Bitterroot joins other high-performance computing (HPC) resources at INL—including Sawtooth, C3’s flagship supercomputer—that can be accessed through the Department of Energy’s Nuclear Science User Facilities (NSUF) for nuclear energy–related research projects at no cost to the user. More than 1,300 researchers currently access HPC resources at the lab, according to the DOE, which celebrated the additional capacity from Bitterroot on July 15.

Bitterroot’s range: Bitterroot is a Dell-based CTS-2 that offers more than 43,000 processing cores with 3 petaflops of performance. Importantly, it is the first system supported by NSUF to offer high-bandwidth memory, and that will speed up computations in certain applications that previously have been slowed down by bandwidth limitations.

“NSUF’s flagship Sawtooth supercomputer is unable to keep with the high demand for high-priority, complex operations on its own,” the DOE said.

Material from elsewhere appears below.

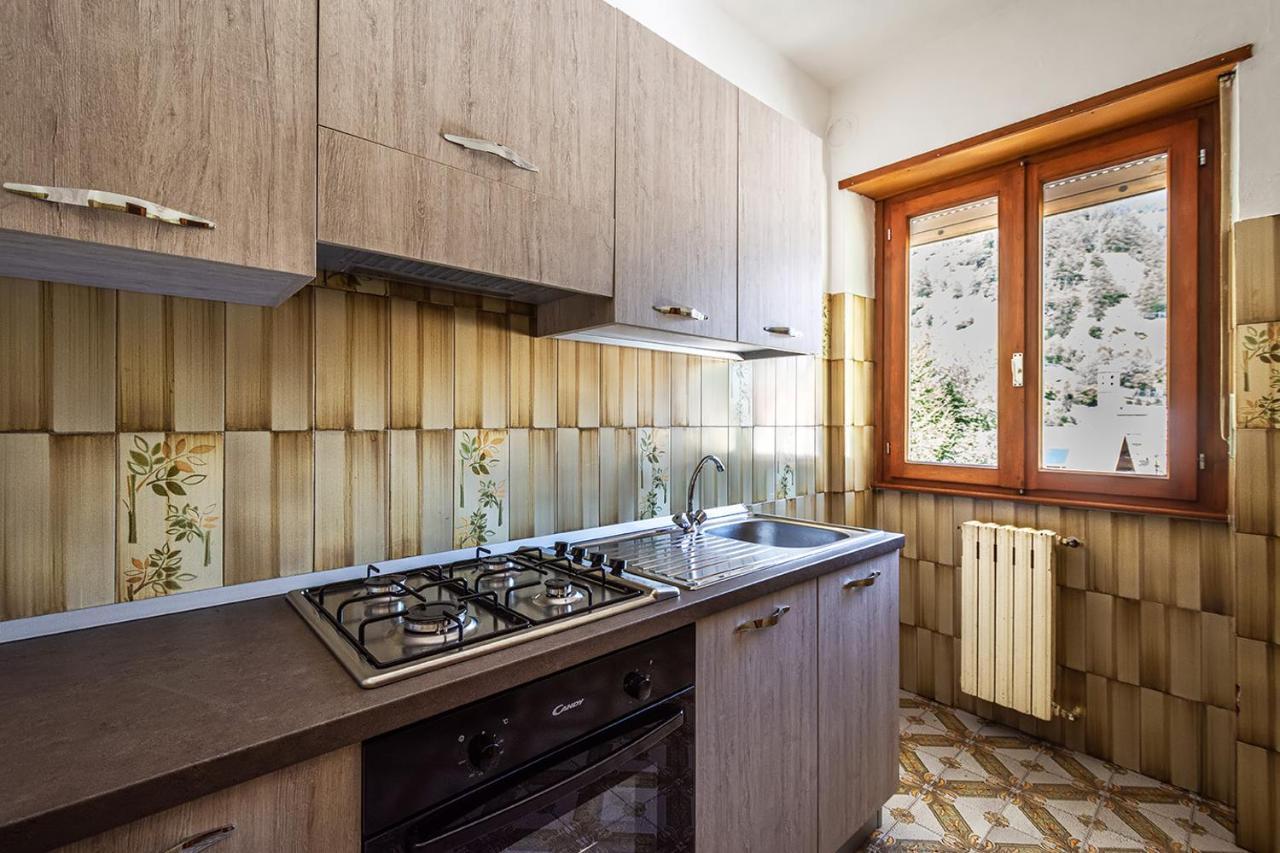 Hostel - Bormio - Livigno - Santa Caterina - Stelvio Sondalo Exteriér fotografie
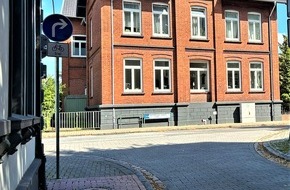 Polizeidirektion Bad Segeberg: POL-SE: Rellingen - Polizei kontrolliert vorgeschriebene Fahrtrichtung in der Kirchenstraße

According to INL, Bitterroot’s memory “will improve performance for memory-bandwidth-limited applications like the Multiphysics Object Oriented Simulation Environment, better known as MOOSE, framework. MOOSE is the foundation for many of the tools that aid advanced nuclear research that support the existing reactor fleet as well as the development and eventual licensing of new designs.”

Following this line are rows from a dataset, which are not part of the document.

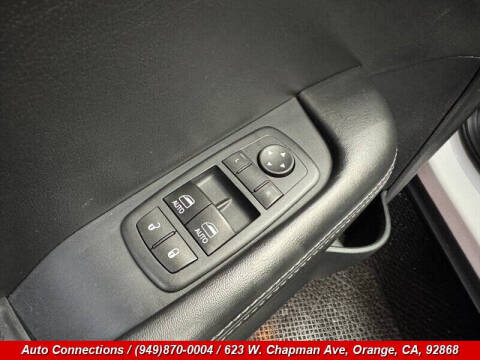 2016 Dodge Challenger SXT Plus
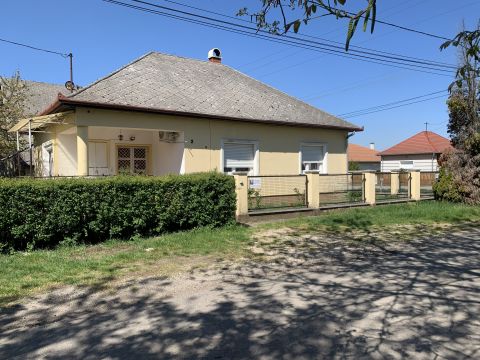 Eladó Ház 2451 Ercsi , A vasútállomás közelében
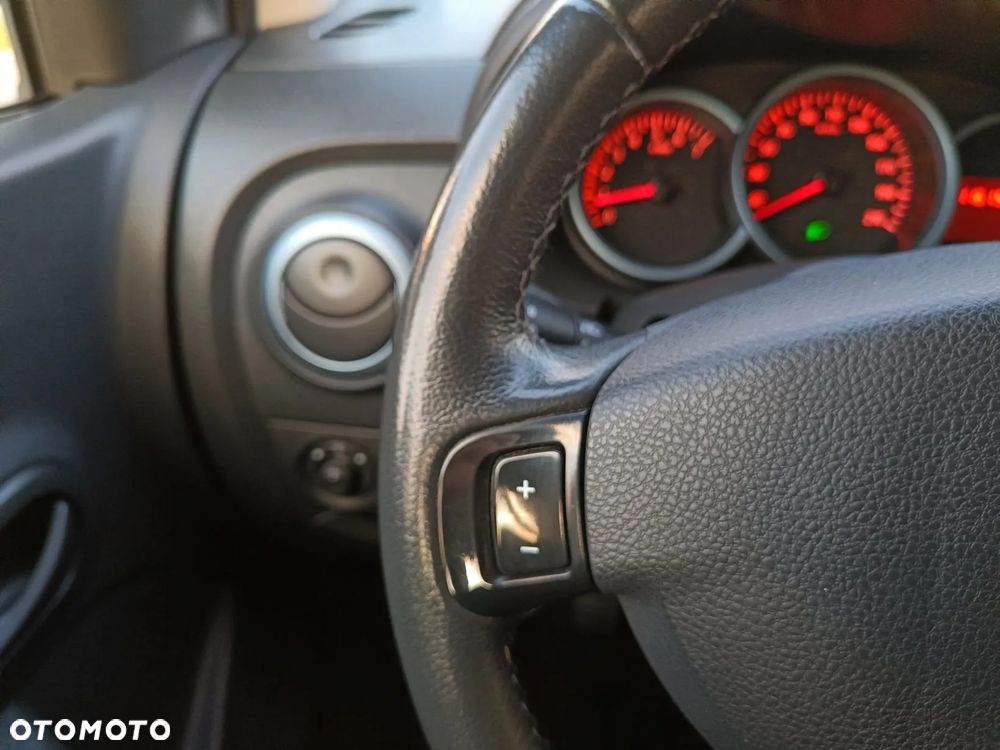 Dacia Dokker TCe 115 Stepway - 32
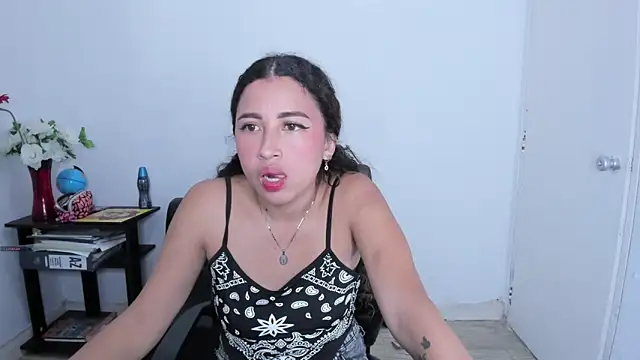 Snapshot of AfroditaBiker_ chatting on December 7, 2024, 7:49 pm AfroditaBiker online show from December 7, 2024, 7:49 pm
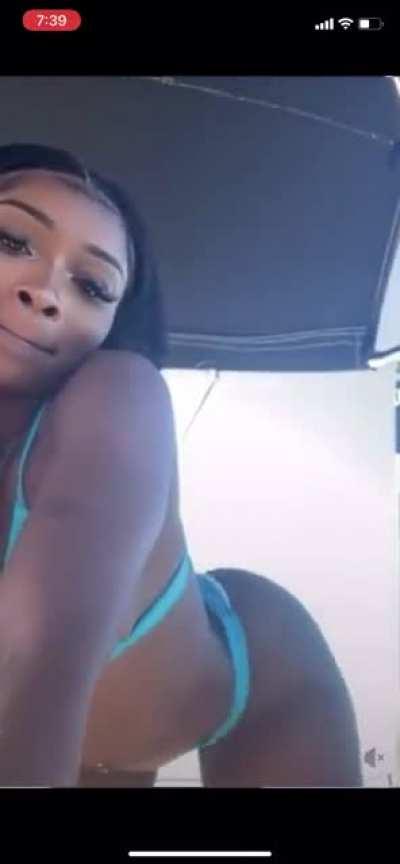 Armani Caesar (@armanicaesar)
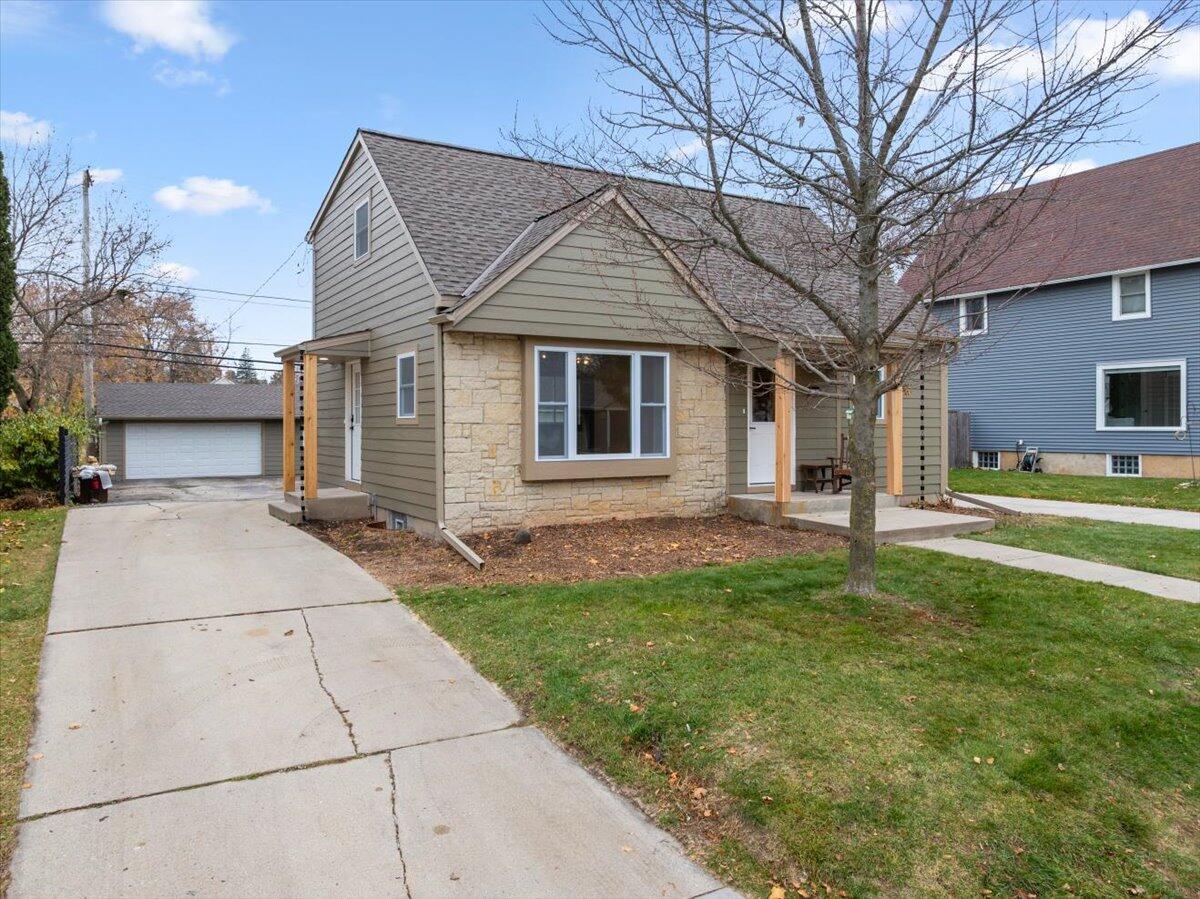 1021 13th Ave, Grafton, WI 53024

The installation process for the Bitterroot supercomputer. (Photo: INL)

High-performance computing: “INL high performance computing is unique in that 80-90 percent of our computer cycles are dedicated to nuclear energy research,” said Matthew Anderson, manager of the High-Performance Computing group at INL. “Bitterroot brings us a new capability and additional capacity as we prepare for additional long-term investments in new computing resources.”

HPC allows engineers and scientists to model a wide variety of complex variables in advanced reactor materials and fuels before construction begins, such as how steel or concrete degrade over time and what byproducts build up in nuclear fuel. Supercomputers can support physical experiments by performing simulations to predict how materials will perform. Those predictions can be used to select the most promising experiments, which could reduce the time and cost required for technology development.

C3 was built in 2019 as a 67,000-square-foot facility equipped to host multiple supercomputers. In addition to Bitterroot, C3 is also home to Sawtooth (ranked the 37th fastest-performing supercomputer when it was installed in 2020) and INL’s other systems: Lemhi, Hoodoo, and Viz. In fiscal year 2023, the lab’s supercomputers provided users with 939 million core hours on more than 3.7 million jobs, according to INL.

Filling a gap: Bitterroot will be able to claim status as the NSUF’s newest supercomputer for just about one year. It will help bridge the gap in modeling and simulation needs while the NSUF works to bring its next flagship supercomputer—Teton—online in 2025.

Teton is anticipated to be three times as powerful as Sawtooth. Bitterroot and Sawtooth will continue operating after Teton comes online to help meet the high user demand from industry, national laboratories, and academia.

Bitterroot gets its name from an Idaho mountain range and continues INL’s tradition of naming its high-performance computers after Idaho landmarks. Sawtooth and Teton are also ranges in the Rocky Mountains.

More on the NSUF: The NSUF is the DOE Office of Nuclear Energy's only designated nuclear energy user facility. NSUF resources include test reactors, beamlines, post-irradiation examination, and HPC at university, national laboratory, and industry partner sites.

“Not every company in the nuclear industry has its own gamma irradiation facility or supercomputer, but we’re all working toward the same goal of deploying more carbon-free nuclear energy,” said NSUF director Brenden Heidrich. “You never know who will make the next breakthrough, and partnerships like NSUF are vital to help level the playing field.”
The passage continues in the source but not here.